After consulting with a GP, you may be sent for tests as part of your next steps. This could include arranging to attend the hospital to see a specialist. These tests may include CT scans, MRI scans and ultrasounds, blood tests, biopsies or x-rays. You may also have other tests depending on your exact symptoms. They may happen on the same day but more likely will be spaced out. It should take a maximum of 2 weeks from the time you see a GP to the time you are first seen by a specialist.

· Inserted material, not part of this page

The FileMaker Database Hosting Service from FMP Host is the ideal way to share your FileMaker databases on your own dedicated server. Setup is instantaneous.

The GP will decide how urgent your case is, based on risk factors and the severity of your symptoms. At your tests, the healthcare team will explain in detail what will happen at each stage. You should ask for written information about the tests so you can take time to understand them outside of appointment times.

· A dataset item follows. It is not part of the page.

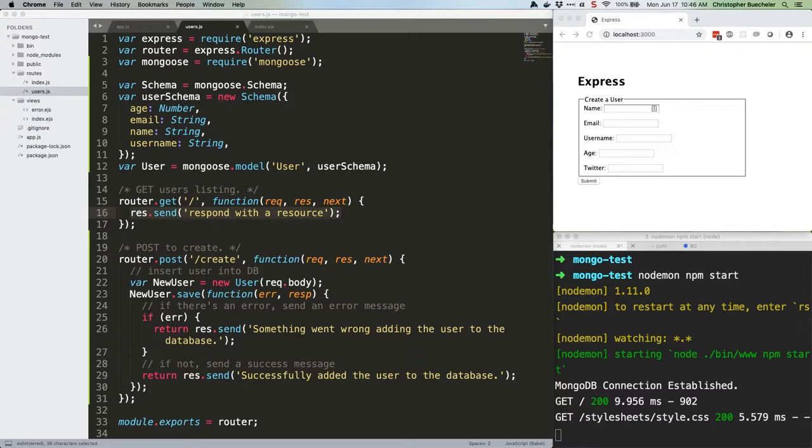The first thing we need to do is get the data from the database. We're going to handle this in /routes/users.js. We already have a get to the user listing, but it's not very useful. So instead of a generic respond with a resource message, let's put together an actual response. Here's the code.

You will usually then be given a follow-up appointment to see a specialist after the tests have been completed, to discuss the results. There should be enough time in these appointments for doctors to explain properly and you should feel very free to ask any questions or for more clarity and information.
If you are diagnosed with cancer, you may be given another appointment to discuss the next steps and treatment options. Depending on how serious your diagnosis is, this appointment could be very quick or within the next couple of weeks. You shouldn’t have to wait more than 31 days from diagnosis to start your first treatment. In total, from your initial GP appointment, you shouldn’t have to wait more than 62 days to start your first treatment. In general, your referral to a specialist, tests and diagnosis should happen within this timeframe.
After a diagnosis, your doctor will find out more about your cancer. This may involve further tests to find out the stage and grading of your cancer. The stage describes the size of cancer, and if it has spread from where it initially started. This can take up to 2 weeks to complete. The grading of cancer tells doctors what the cancer cells look like compared to normal cells and gives them an indication of how quickly the cancer may grow.
When you are diagnosed, the doctor will tell you the stage and grade of your cancer. This may seem confusing at first and the doctor should explain to you what the stage and grade of your cancer mean to you. The following table outlines the staging and grading system so you can be prepared before your appointment.
Stage = size of the tumour and how far it has spread from where it originated.
Grade = appearance of cancerous cells.
|Number Staging System
|TNM Staging System
|Stage 0 – The cancer is where it started and has not spread.
Stage 1 – The cancer is small and has not spread anywhere else.
|T – describes the size of the tumour with numbers 1-4
1 = small
4 = large
|Grade 1 – Cancer cells resemble normal cells and aren’t growing rapidly.
|Stage 2 – The cancer has grown but has not spread.
|N – stands for lymph nodes with numbers 0 to 3.
0 = no cancer on lymph nodes
3 = many lymph nodes have cancer
|Grade 2 – Cancer cells don’t look like normal cells and are growing faster than normal cells.
|Stage 3 – The cancer is larger and may have spread to surrounding tissues and/or the lymph nodes (part of the immune system).
|M – stands for metastases or whether cancer has spread to another part of the body, with numbers 0 or 1.
0 = no spread
1 = cancer has spread
|Grade 3 – Cancer cells look abnormal and may grow or spread more aggressively.
After understanding the staging and grading of cancer, your doctor will be able to tell you your prognosis. This can include the likelihood of the cancer being cured, chances of a full recovery, and sometimes how long you are likely to live if the cancer cannot be cured.
This also depends on other factors such as: the type of cancer you have, where it is in the body, your age, general health, how treatment may affect you and how cancer responds to the treatment.
Your prognosis is estimated using statistics from research studies over many years. Therefore, it is important to note, that this is only an estimate, and every case is unique. You can also ask your cancer doctor how much you want to know about your prognosis. Some people may find they don’t want to know how long they have left to live and you are entitled to turn down this information.